→ **The problem**
Print exactly the lines below between the line containing "Cityscape silhouette with" and the line containing "Three Dimensional Five", counting both of those lines. Leave pictures out.

→ **Records for the task**
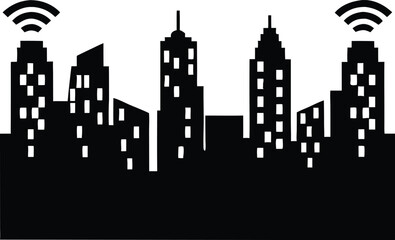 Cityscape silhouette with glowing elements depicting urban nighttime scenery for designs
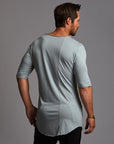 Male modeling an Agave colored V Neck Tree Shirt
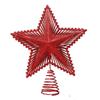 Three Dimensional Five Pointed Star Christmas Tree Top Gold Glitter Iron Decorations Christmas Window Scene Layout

* * *

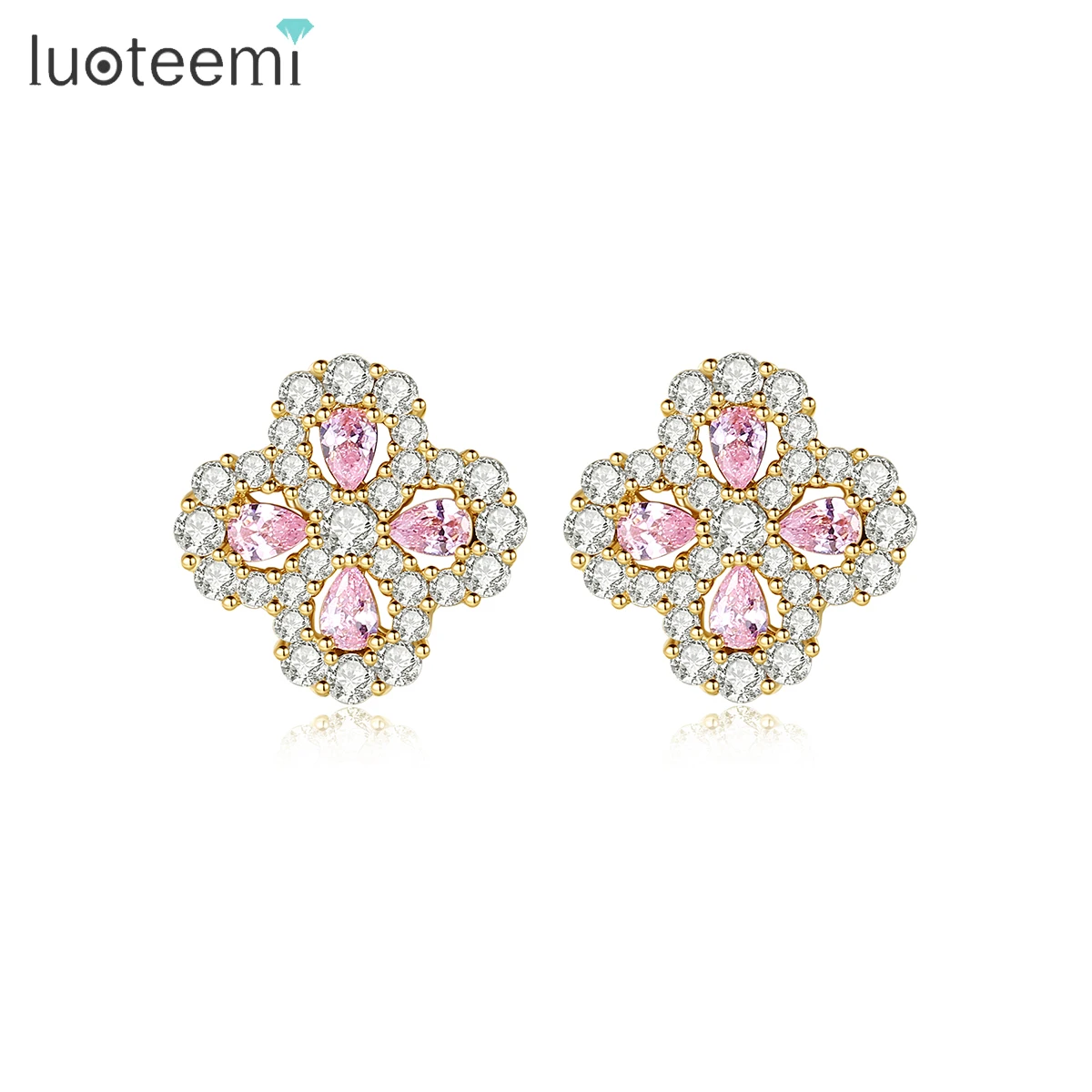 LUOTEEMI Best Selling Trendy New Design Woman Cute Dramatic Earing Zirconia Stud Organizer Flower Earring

--

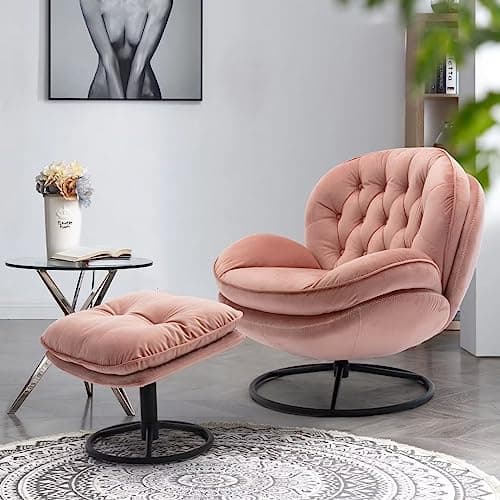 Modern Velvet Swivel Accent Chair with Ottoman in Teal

→ **Answer space**
 Cityscape silhouette with glowing elements depicting urban nighttime scenery for designs
 Male modeling an Agave colored V Neck Tree Shirt
 Three Dimensional Five Pointed Star Christmas Tree Top Gold Glitter Iron Decorations Christmas Window Scene Layout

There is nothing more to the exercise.